D. LES CONDITIONS D'EXERCICE DE LA TUTELLE DOIVENT ÊTRE RATIONALISÉES

La tutelle est le nécessaire contrôle exercé par l'État sur les établissements publics fonciers d'État, en contrepartie de la garantie financière qu'il leur accorde pour la mise en oeuvre de missions de service public. Une tutelle similaire est également exercée sur les établissements publics d'aménagement, moyennant les différences de compétences et de périmètre entre ces établissements et les établissements publics fonciers.

Elle prend plusieurs formes et met en jeu plusieurs administrations face à l'établissement représenté par son directeur général.

Les deux principales dimensions de la tutelle sont la tutelle budgétaire et la tutelle « métier ».

La tutelle budgétaire est exercée par le ministère de l'économie, des finances et de la souveraineté industrielle et numérique, à travers la direction du budget (DB) et les directions régionales des finances publiques, qui contrôlent et valident les documents financiers (budget, comptes, dossiers d'emprunt).

La tutelle métier relève du ministère de la transition écologique et de la cohésion des territoires et, en pratique, de la direction de l'habitat, de l'urbanisme et des paysages (DHUP) qui fait partie de la direction générale de l'aménagement, du logement et de la nature (DGALN).

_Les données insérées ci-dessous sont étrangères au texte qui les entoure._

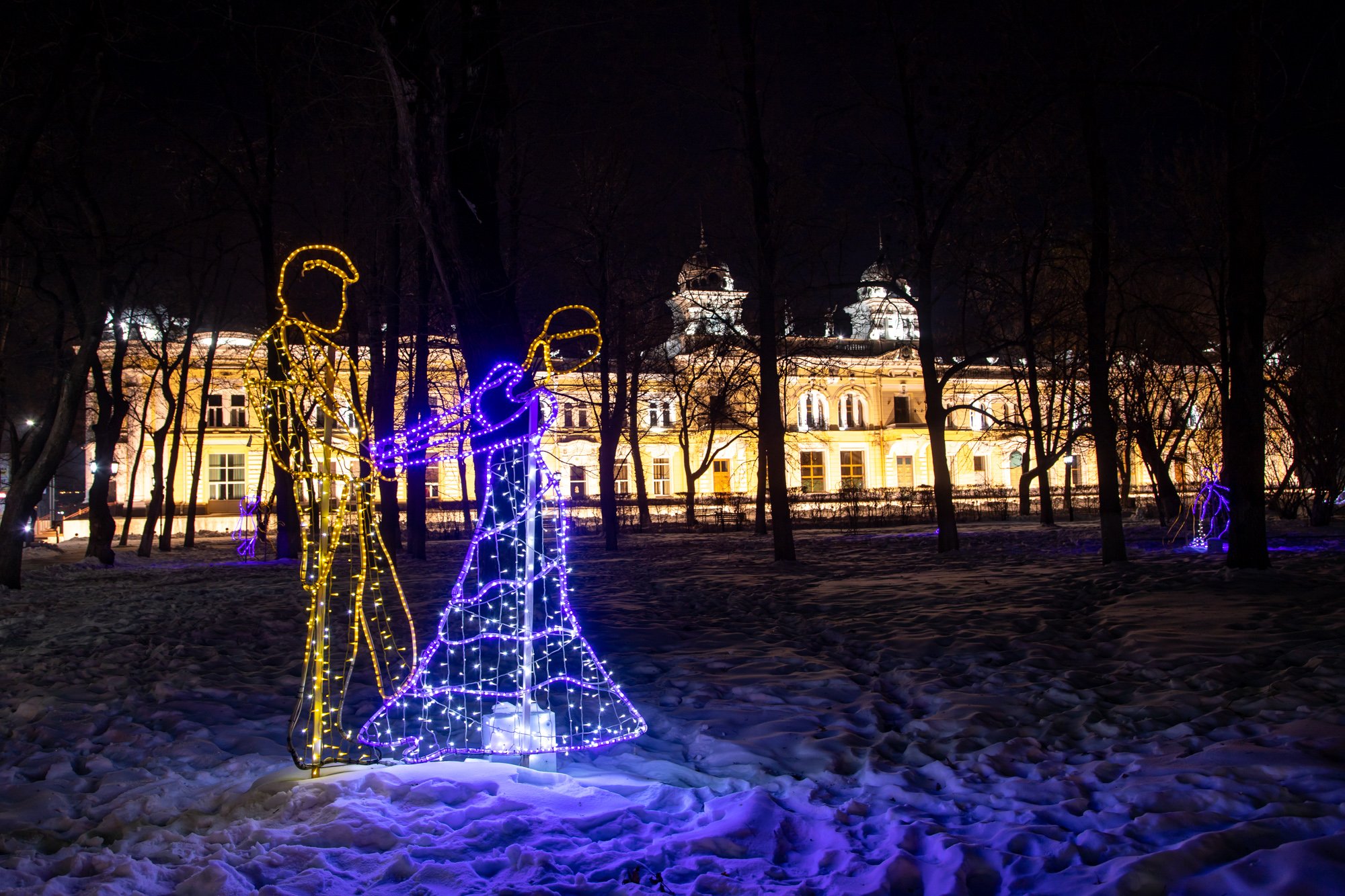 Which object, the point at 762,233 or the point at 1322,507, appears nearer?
the point at 762,233

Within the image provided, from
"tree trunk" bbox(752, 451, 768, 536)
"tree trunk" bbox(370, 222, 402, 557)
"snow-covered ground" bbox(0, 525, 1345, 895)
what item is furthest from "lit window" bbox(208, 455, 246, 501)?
"snow-covered ground" bbox(0, 525, 1345, 895)

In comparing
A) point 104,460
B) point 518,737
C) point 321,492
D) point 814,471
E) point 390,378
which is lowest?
point 518,737

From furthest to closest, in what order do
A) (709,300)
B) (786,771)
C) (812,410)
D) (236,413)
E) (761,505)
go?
(812,410) < (236,413) < (709,300) < (761,505) < (786,771)

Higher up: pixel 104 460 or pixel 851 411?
pixel 851 411

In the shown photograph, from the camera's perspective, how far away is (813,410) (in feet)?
193

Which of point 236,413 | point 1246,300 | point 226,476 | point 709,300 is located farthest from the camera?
point 236,413

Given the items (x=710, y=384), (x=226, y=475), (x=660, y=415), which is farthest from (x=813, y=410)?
(x=226, y=475)

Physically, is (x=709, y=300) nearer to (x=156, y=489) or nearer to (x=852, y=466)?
(x=156, y=489)

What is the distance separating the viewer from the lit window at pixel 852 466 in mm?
58781

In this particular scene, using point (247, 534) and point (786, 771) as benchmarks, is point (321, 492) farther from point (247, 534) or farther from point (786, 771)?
point (247, 534)

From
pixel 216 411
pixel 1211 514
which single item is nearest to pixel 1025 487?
pixel 1211 514

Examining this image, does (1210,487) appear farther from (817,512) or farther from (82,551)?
(82,551)

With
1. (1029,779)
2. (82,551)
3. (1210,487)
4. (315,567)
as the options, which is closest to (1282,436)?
(1210,487)

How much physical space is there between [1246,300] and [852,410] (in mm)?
50144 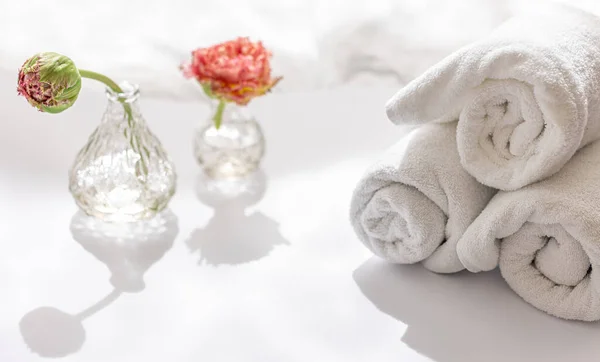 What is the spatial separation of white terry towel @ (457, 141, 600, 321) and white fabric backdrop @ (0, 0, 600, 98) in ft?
1.92

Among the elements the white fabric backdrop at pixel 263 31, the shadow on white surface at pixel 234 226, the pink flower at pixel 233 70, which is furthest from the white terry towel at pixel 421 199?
the white fabric backdrop at pixel 263 31

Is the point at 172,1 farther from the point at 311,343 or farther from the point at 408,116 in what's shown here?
the point at 311,343

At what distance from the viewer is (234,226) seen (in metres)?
1.26

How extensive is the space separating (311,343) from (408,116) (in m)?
0.29

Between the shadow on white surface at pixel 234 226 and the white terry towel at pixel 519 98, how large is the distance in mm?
292

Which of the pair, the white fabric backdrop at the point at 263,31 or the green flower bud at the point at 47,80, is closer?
the green flower bud at the point at 47,80

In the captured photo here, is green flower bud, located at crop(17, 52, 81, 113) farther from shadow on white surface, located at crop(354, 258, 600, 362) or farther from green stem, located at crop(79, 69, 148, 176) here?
shadow on white surface, located at crop(354, 258, 600, 362)

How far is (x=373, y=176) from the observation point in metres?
1.08

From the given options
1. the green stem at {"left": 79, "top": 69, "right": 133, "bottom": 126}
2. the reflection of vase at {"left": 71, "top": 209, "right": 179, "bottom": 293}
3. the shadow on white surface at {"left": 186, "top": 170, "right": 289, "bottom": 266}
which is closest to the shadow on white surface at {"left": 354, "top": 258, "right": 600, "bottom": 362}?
the shadow on white surface at {"left": 186, "top": 170, "right": 289, "bottom": 266}

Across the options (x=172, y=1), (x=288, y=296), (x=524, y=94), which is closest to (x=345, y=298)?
(x=288, y=296)

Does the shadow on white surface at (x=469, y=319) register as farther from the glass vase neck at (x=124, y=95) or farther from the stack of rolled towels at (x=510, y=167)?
the glass vase neck at (x=124, y=95)

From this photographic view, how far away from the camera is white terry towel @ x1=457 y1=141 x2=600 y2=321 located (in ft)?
3.18

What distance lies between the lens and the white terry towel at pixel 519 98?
947 millimetres

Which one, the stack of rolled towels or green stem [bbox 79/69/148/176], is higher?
the stack of rolled towels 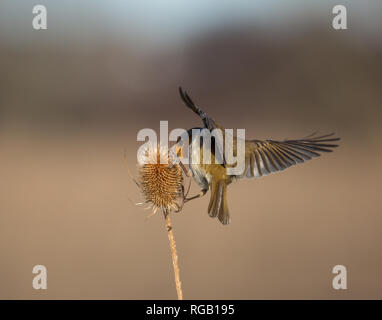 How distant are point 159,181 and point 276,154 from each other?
3.37ft

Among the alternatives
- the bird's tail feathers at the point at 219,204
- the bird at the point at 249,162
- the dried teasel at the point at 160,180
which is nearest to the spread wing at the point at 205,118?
the bird at the point at 249,162

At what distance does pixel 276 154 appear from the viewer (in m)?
3.79

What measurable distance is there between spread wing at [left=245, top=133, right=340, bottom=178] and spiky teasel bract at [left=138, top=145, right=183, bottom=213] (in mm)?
623

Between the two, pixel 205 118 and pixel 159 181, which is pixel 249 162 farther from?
pixel 159 181

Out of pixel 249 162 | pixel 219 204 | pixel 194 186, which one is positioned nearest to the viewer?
pixel 219 204

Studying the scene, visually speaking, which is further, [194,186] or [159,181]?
[194,186]

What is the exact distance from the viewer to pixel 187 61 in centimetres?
1409

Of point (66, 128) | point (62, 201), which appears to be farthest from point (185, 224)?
point (66, 128)

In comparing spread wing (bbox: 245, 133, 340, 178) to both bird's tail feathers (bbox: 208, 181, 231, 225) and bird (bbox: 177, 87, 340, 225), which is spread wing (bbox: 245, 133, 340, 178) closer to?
bird (bbox: 177, 87, 340, 225)

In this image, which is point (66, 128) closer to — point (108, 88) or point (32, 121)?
point (32, 121)

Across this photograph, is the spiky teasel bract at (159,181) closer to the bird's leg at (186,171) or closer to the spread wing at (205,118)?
the bird's leg at (186,171)

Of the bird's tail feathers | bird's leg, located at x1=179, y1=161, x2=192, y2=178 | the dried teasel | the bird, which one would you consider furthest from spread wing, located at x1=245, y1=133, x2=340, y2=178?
the dried teasel

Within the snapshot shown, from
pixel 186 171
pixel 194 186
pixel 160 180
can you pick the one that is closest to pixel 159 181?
pixel 160 180

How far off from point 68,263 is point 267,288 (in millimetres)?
2928
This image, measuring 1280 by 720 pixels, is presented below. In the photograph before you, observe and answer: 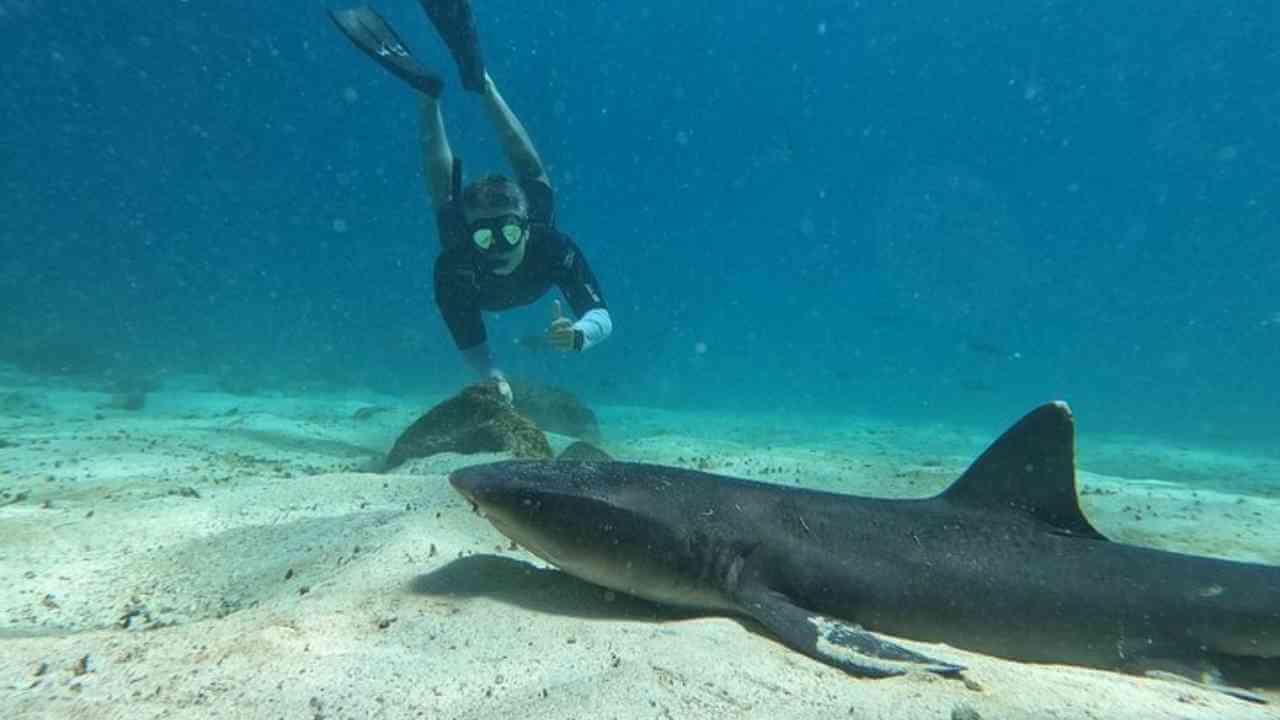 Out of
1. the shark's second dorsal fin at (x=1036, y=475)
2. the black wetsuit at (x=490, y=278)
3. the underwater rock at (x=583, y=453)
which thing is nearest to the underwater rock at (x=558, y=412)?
the black wetsuit at (x=490, y=278)

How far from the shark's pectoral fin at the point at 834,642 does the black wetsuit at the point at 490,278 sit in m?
6.78

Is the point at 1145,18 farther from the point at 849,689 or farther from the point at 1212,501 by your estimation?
the point at 849,689

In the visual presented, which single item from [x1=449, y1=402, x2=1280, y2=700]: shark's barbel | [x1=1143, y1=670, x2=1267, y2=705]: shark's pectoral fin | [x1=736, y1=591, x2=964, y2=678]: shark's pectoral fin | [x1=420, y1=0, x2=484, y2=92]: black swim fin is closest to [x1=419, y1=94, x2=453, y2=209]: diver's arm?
[x1=420, y1=0, x2=484, y2=92]: black swim fin

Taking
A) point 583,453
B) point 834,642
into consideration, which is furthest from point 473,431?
point 834,642

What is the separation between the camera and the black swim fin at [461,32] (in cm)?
1084

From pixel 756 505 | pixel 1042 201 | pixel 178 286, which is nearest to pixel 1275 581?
pixel 756 505

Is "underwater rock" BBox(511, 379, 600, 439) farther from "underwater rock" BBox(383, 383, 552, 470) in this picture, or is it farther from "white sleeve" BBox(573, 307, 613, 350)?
"underwater rock" BBox(383, 383, 552, 470)

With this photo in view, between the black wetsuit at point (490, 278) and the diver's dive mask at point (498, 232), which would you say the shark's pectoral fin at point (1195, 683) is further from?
the diver's dive mask at point (498, 232)

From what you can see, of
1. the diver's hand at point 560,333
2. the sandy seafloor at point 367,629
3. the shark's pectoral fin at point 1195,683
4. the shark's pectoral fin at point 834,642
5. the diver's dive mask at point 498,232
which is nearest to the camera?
the sandy seafloor at point 367,629

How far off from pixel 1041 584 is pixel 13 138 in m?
110

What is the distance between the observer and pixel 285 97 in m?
64.8

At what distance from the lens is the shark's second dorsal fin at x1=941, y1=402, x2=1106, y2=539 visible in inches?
125

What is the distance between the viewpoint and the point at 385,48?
35.0ft

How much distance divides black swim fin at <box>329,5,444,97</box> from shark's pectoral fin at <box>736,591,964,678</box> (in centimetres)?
1067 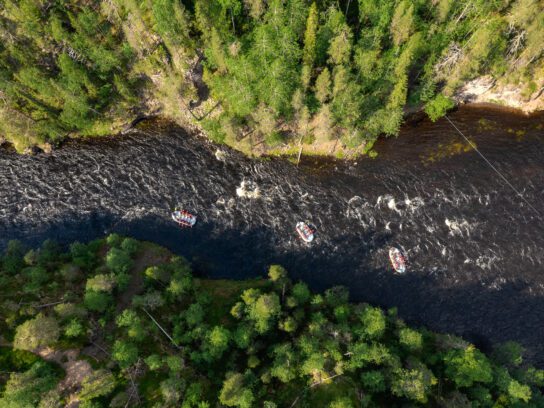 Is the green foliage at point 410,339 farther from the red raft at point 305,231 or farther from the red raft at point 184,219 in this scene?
the red raft at point 184,219

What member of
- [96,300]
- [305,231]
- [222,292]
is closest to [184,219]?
[222,292]

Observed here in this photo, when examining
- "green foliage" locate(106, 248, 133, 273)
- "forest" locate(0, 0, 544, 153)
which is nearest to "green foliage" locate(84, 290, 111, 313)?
"green foliage" locate(106, 248, 133, 273)

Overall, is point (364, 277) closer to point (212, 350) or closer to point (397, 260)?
point (397, 260)

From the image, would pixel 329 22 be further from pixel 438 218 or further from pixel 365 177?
pixel 438 218

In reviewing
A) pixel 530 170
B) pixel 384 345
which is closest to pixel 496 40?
pixel 530 170

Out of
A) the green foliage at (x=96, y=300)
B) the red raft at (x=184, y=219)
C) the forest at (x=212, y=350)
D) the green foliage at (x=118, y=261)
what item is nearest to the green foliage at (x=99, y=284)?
the forest at (x=212, y=350)

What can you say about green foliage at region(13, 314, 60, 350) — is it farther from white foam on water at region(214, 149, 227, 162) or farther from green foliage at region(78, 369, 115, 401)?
white foam on water at region(214, 149, 227, 162) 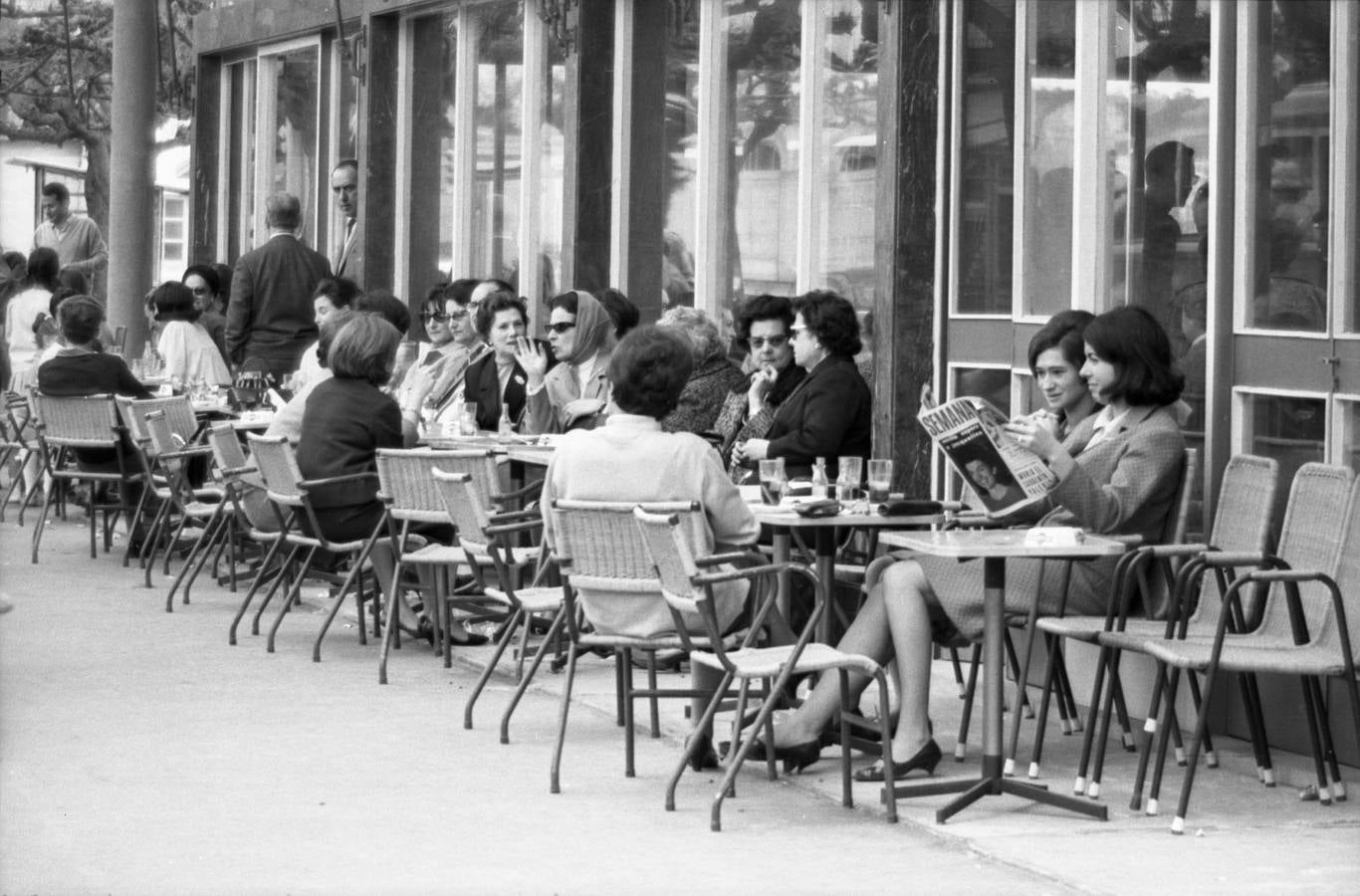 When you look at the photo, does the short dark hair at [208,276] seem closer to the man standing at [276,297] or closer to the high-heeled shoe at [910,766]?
the man standing at [276,297]

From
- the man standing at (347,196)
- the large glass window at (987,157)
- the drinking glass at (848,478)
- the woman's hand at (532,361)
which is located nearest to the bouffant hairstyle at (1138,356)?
the drinking glass at (848,478)

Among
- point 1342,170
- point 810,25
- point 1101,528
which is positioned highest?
point 810,25

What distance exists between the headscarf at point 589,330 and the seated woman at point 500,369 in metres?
0.31

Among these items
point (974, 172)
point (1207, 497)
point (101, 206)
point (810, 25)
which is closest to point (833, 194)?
point (810, 25)

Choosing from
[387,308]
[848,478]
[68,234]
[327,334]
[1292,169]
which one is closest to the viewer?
[848,478]

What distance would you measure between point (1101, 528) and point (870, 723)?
34.4 inches

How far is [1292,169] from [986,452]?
65.4 inches


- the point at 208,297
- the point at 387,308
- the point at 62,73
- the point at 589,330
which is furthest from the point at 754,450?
the point at 62,73

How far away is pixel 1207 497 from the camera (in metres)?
7.73

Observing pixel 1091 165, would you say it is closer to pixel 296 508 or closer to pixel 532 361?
pixel 532 361

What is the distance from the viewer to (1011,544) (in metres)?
6.24

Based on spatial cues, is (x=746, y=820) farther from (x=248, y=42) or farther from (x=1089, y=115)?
(x=248, y=42)

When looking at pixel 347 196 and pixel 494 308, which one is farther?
pixel 347 196

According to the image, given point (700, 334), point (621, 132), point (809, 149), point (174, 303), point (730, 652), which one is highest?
point (621, 132) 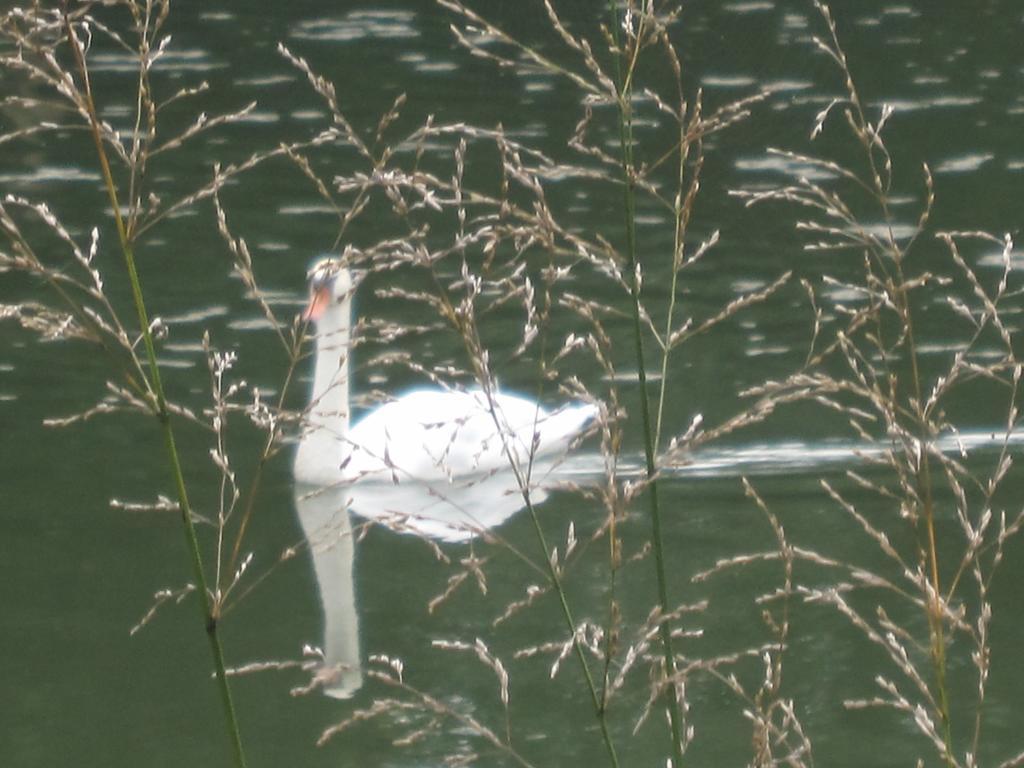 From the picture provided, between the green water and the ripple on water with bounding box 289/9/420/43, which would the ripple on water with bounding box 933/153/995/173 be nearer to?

En premier lieu, l'État transmet des orientations stratégiques, qui comprennent un volet national et un volet régional, corédigé avec l'administration déconcentrée, en général la direction régionale de l'environnement, de l'aménagement et du logement (DREAL). Ces orientations définissent les politiques publiques auxquelles l'établissement doit participer en priorité et quantifient des objectifs, en particulier en termes d'acquisitions et de cessions dans un but de production de logements, notamment sociaux. Elles portent également sur la mobilisation des EPF en accompagnement des programmes nationaux : Action Coeur de Villes, Petites Villes de Demain, nouveau programme de renouvellement urbain (NPNRU), opérations de requalification des copropriétés dégradées d'intérêt national (ORCOD-IN), territoires d'industries...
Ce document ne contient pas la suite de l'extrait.